The first Queen Elizabeth II version appeared after she succeeded to the throne on 6 February 1952. The medal shows a bareheaded effigy of the Queen, facing right and wearing a laurel crown, and is inscribed "ELIZABETH•II•DEI•GRATIA•REGINA•F:D:", reading around from a cross at the top. The effigy was designed by Mary Gillick and was also used on general-circulation coinage for the United Kingdom from 1953, as well as in cameo form on British commemorative postage stamps since 1966.

A second Queen Elizabeth II version was introduced in 1980, with the Queen depicted wearing the Saint Edward crown, the traditional British coronation crown.
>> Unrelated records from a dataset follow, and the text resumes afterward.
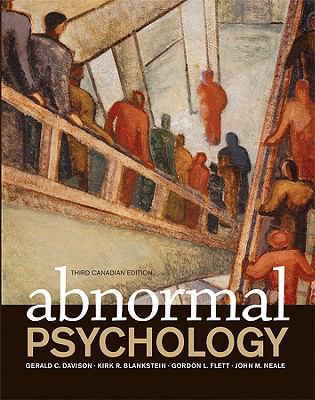 Abnormal Psychology (Canadian)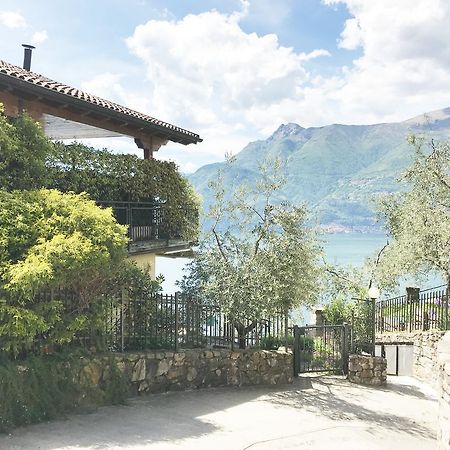Residence Fairy Tale Bellano Ngoại thất bức ảnh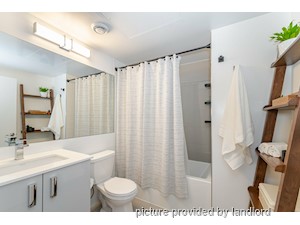 1 Bedroom apartment for rent in TORONTO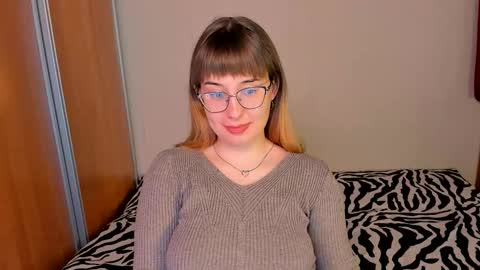 Nika and Mark online show from November 8, 7:22 am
The Queen Elizabeth II versions reverted to swiveling suspenders. While the double scroll claw supports of the earlier versions were retained, the suspender is affixed to the top of the medal rim without the hitherto used claw and pin attachment. However, some version one medals were issued with the same attachment as the King George VI version.

==Dominion Air Forces==

===Royal Australian Air Force===
The Royal Air Force Long Service and Good Conduct Medal ceased to be awarded to members of the Royal Australian Air Force in 1975, when it was replaced by the National Medal (Australia) in the Australian system of honours and awards.
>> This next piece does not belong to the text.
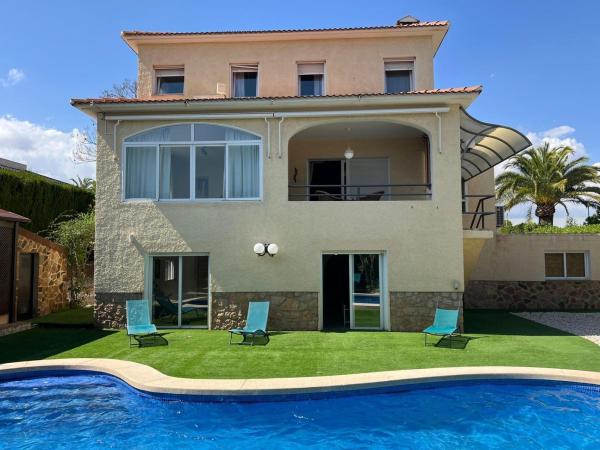 Casa o chalet independiente en Pueblo Levante, Benidorm photo 1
===Royal Canadian Air Force===
The Royal Canadian Air Force Long Service and Good Conduct Medal was instituted on 1 August 1944. Until 31 August 1957 it could be awarded for eighteen years service and good conduct to Permanent Force warrant officers, non-commissioned officers and airmen of the Royal Canadian Air Force who had enrolled prior to 1 September 1939, when the medal was superseded by the Canadian Forces' Decoration.

The Royal Canadian Air Force order that announced the institution of the medal stated that it would have a bar inscribed "CANADA", similar to the Medal for Long Service and Good Conduct (Canada). However, since no such medal was ever struck, the Royal Air Force Long Service and Good Conduct Medal was awarded to Canadians instead during the period concerned. Altogether 487 of these medals, most of them the King George VI versions, were awarded to Canadians between 1 August 1944 and 31 August 1957.

===Royal New Zealand Air Force===
From 1947 until the Royal New Zealand Air Force Long Service and Good Conduct Medal was instituted in 1985, the Royal Air Force Long Service and Good Conduct Medal was also awarded to non-commissioned officers and airmen of the Royal New Zealand Air Force who had completed fifteen years of unblemished service.

==Notable recipients==
- Charity Bick GM, at age 16 the youngest ever recipient of the George Medal.
- Wilfred Bowes OBE, Special Investigation Branch who investigated the "Great Escape" murders by the Gestapo in 1944.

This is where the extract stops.